**AIM OF THE TASK:**
The result should be an exact copy of only the lines from the one with "Accountmanager Wouter aan het werk bij KOP" through the last line of the data below, with pictures omitted.

**EXTRACTED DATA:**

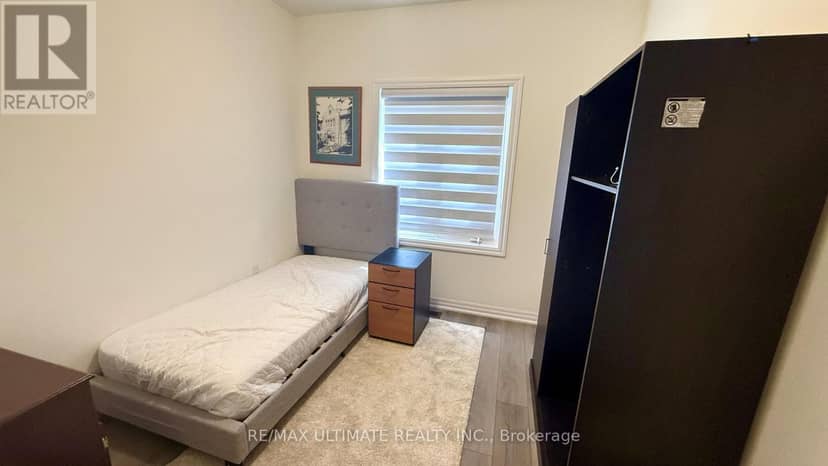 258 Warden Street — photo 11 of 33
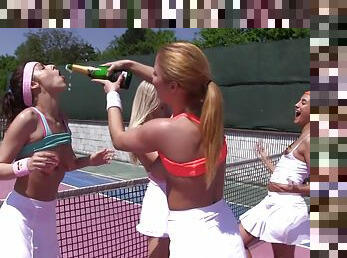 Cayla Lyons and her babes play tennis and go down on each other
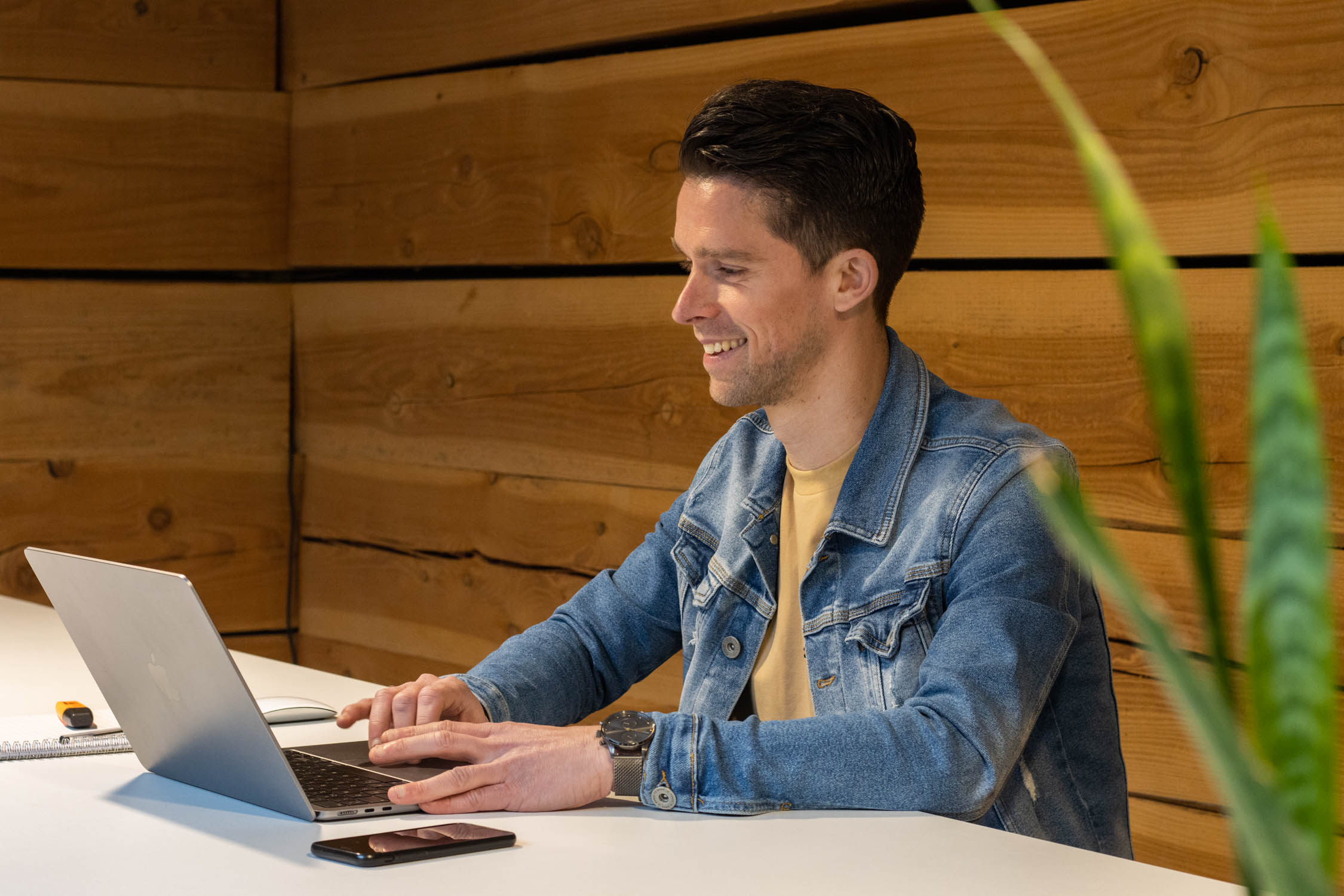 Accountmanager Wouter aan het werk bij KOP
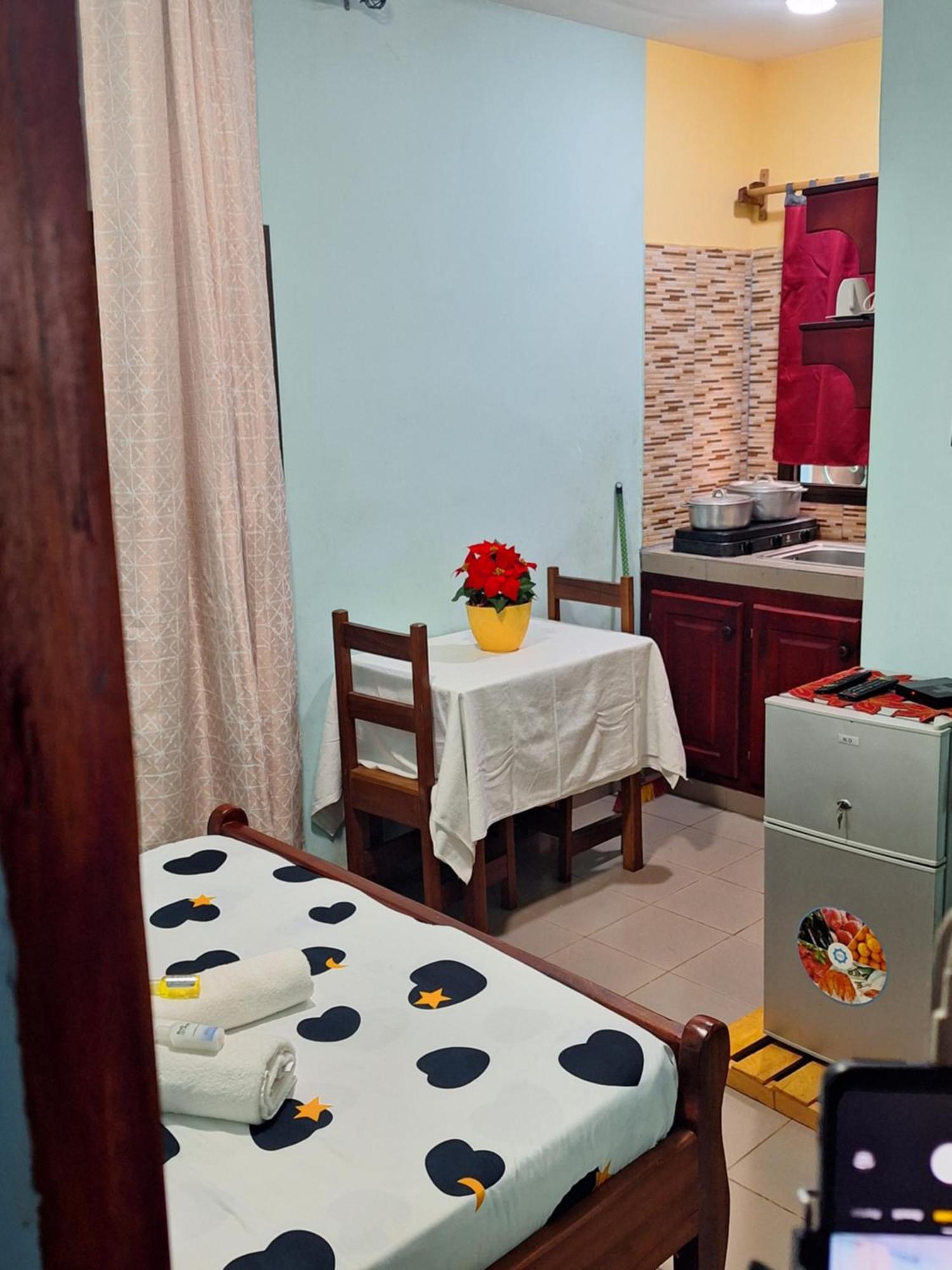 Résidence Des 7 Collines Yaoundé Esterno foto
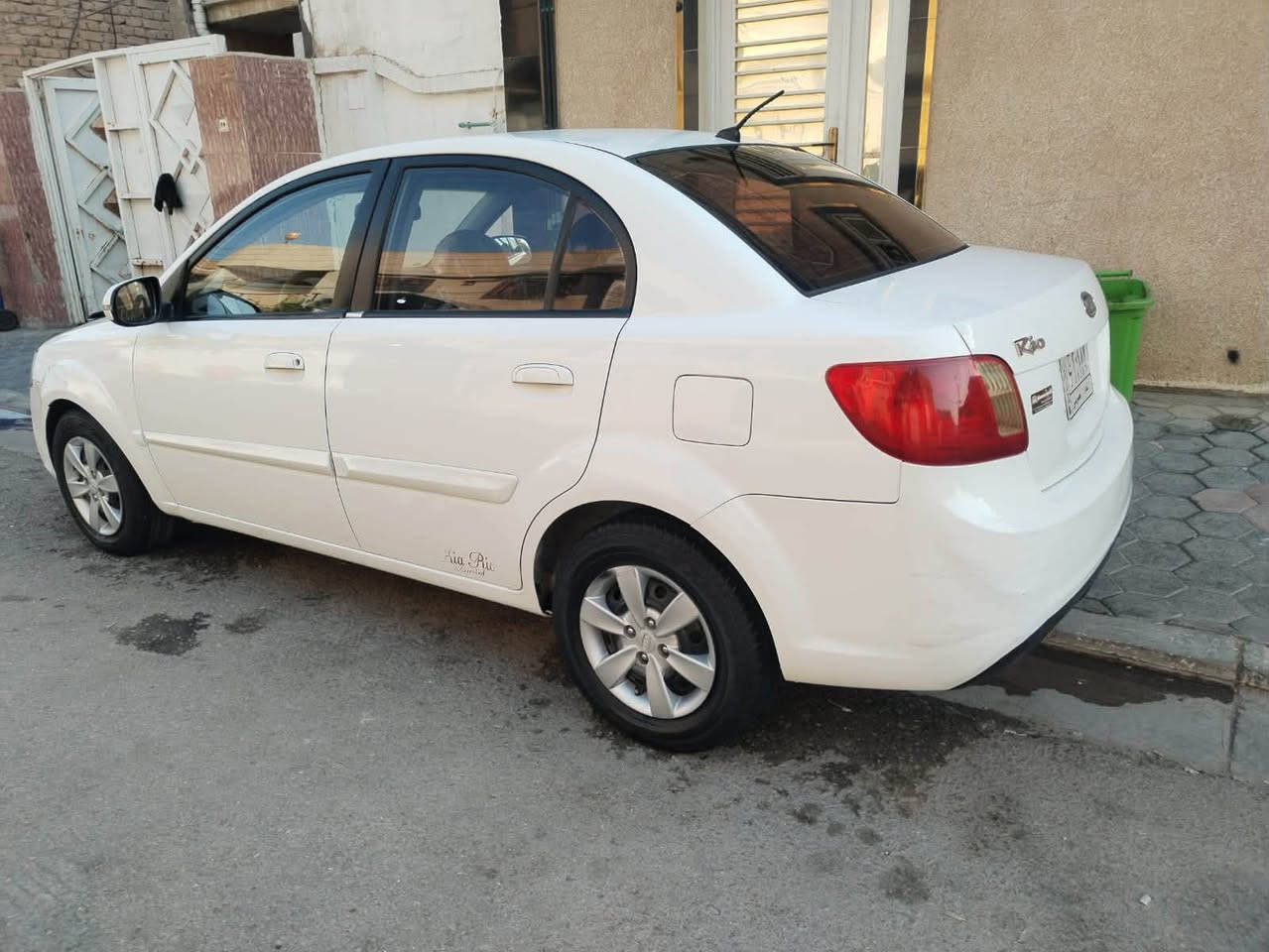سلام عليكم كيا ريو للبيع موديل 2010 بيها جاملغ صبغ وبيها شبرين بل بنيد صبغ جاهزه من كلشي حداديه جديده
تبريد ثلج ❄️ 
مكلف بل نشر 
مكان سياره كربلاء 
للاستفسار اتصال عل رقم 
📞***********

**SOLUTION TO THIS TASK:**
 Accountmanager Wouter aan het werk bij KOP
 Résidence Des 7 Collines Yaoundé Esterno foto
سلام عليكم كيا ريو للبيع موديل 2010 بيها جاملغ صبغ وبيها شبرين بل بنيد صبغ جاهزه من كلشي حداديه جديده
تبريد ثلج ❄️ 
مكلف بل نشر 
مكان سياره كربلاء 
للاستفسار اتصال عل رقم 
📞***********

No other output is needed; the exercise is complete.